PROBLEM STATEMENT: Every line in the data below from the one containing "Photo 1 of 11" down to the one containing "Volvo XC60 2021", both included, must be retyped exactly; no other line is to appear.

SOURCE MATERIAL:
★ ★ ★ ★ ★

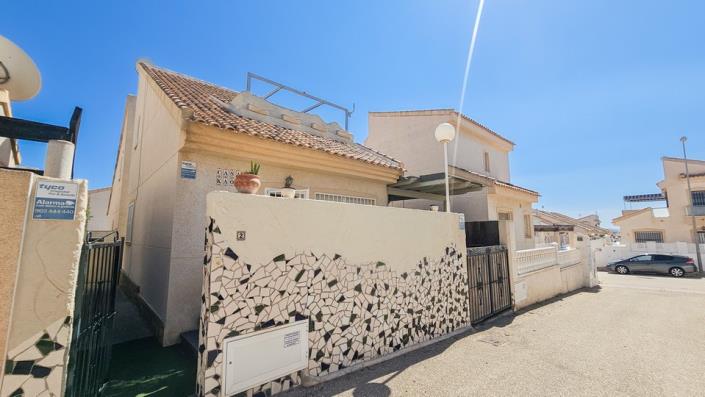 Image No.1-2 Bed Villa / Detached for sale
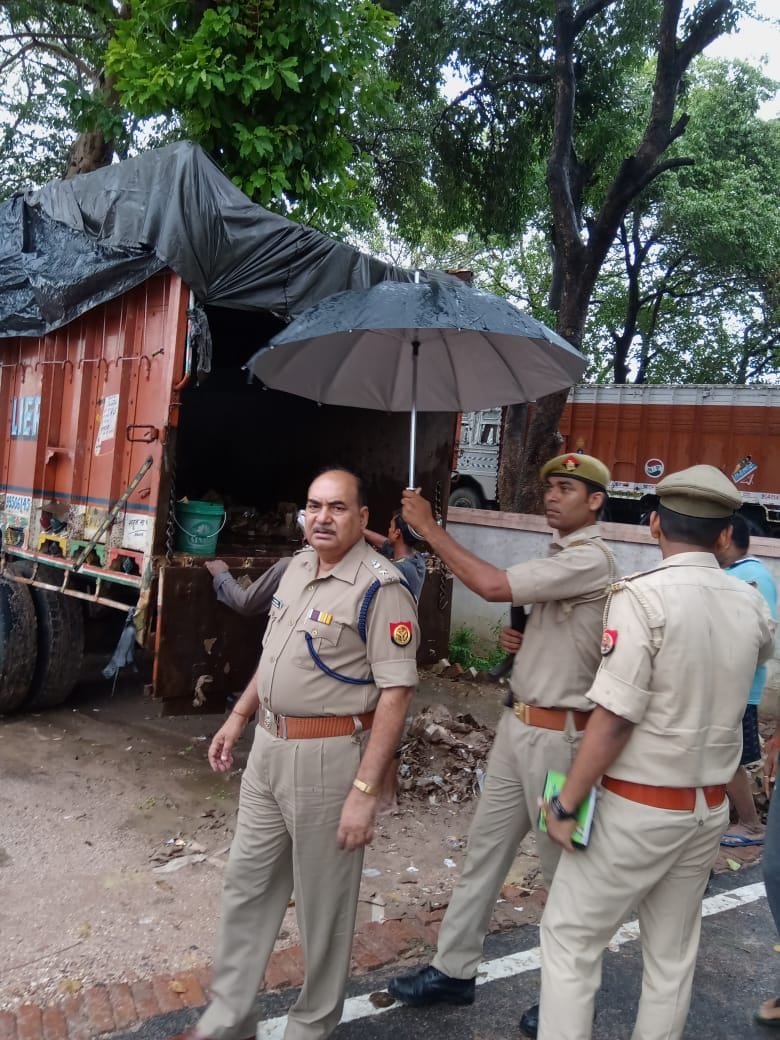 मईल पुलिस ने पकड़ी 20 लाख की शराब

★ ★ ★ ★ ★

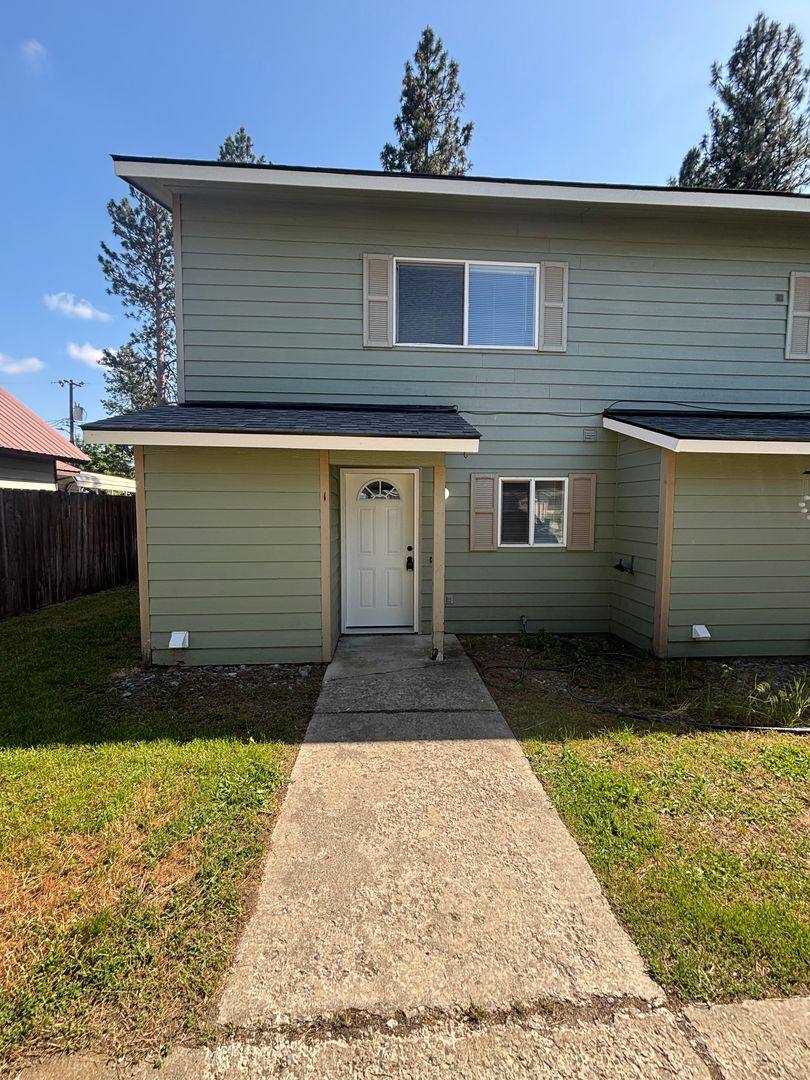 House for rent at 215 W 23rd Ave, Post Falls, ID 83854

★ ★ ★ ★ ★

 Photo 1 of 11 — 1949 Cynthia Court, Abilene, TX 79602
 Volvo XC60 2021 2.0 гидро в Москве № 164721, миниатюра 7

★ ★ ★ ★ ★

WRITTEN REPLY:
 Photo 1 of 11 — 1949 Cynthia Court, Abilene, TX 79602
 Volvo XC60 2021 2.0 гидро в Москве № 164721, миниатюра 7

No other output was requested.